Negar nuestras faltas no las vence, sino que las hace más profundas y ocultas, entrando a formar parte de nuestro fuero interno. La verdad es la que nos hace libres, conforme a la promesa del Señor, mientras que la mentira -tris- te promesa del diablo-, nos cierra cada vez más en nosotros mismos, cerrándonos a la acción misericordiosa de Dios. Vivir como bautizados es vivir en la verdad, como María Inmaculada, que nada tiene que ocultar. La segunda lectura, del Apóstol Santiago, nos invita a vivir de manera imparcial. Y el principal ámbito de esa radical justicia social debe ser la asamblea cristiana reunida dominicalmente para la acción de gracias. Cuánto bien nos hace releer estos y otros textos, en los que se nos presenta una comunidad cristiana en la que todos somos pequeños y todos somos herederos de un Reino superior.

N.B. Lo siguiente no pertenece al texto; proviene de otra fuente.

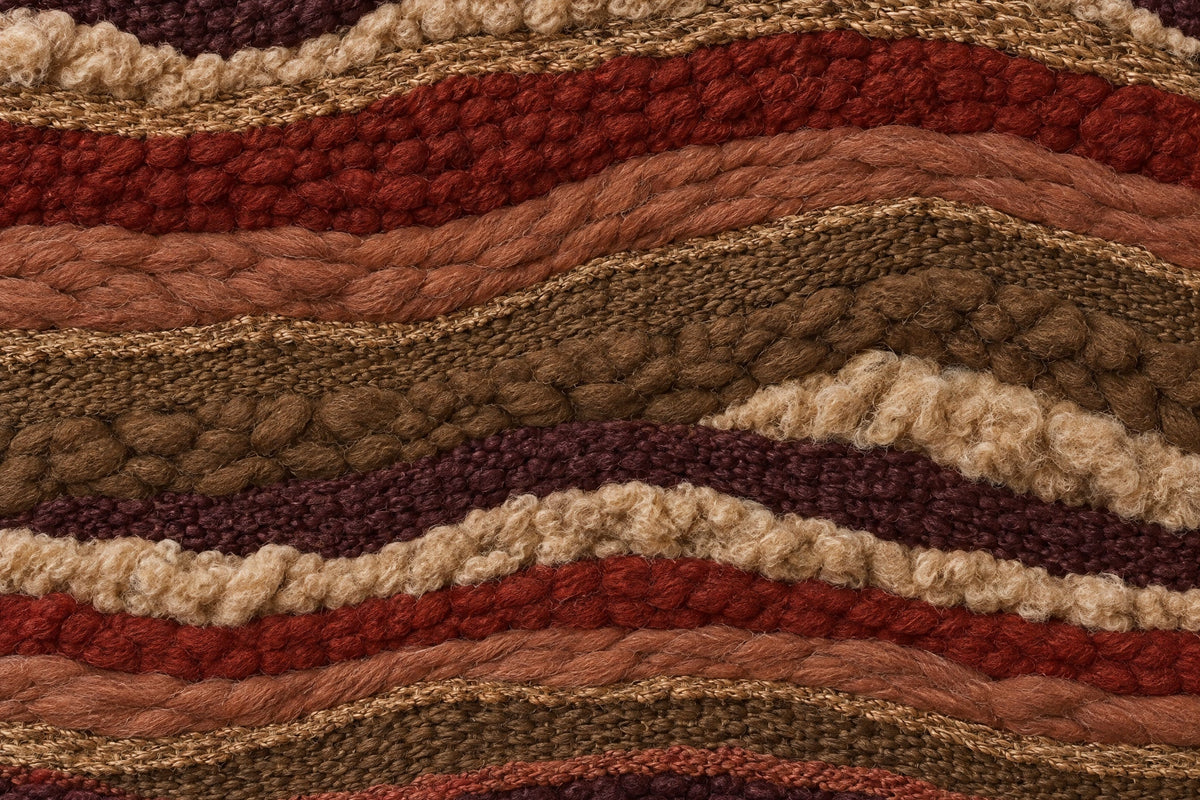 Weave with undulating bands of wool in aubergine, brick red, terracotta, olive brown and sand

No podemos renunciar jamás a esa fraternidad auténtica entre los hermanos. Una Iglesia en la que nadie pase necesidad debe ser signo profético de una sociedad en la que todos tengan lo necesario para vivir con dignidad. Una Iglesia sinodal, al ejemplo de los primeros cristianos, será no solo la iglesia que Dios quiere en estos tiempos, sino una comunidad de fe que muestre a todos que solamente la verdad une y libera.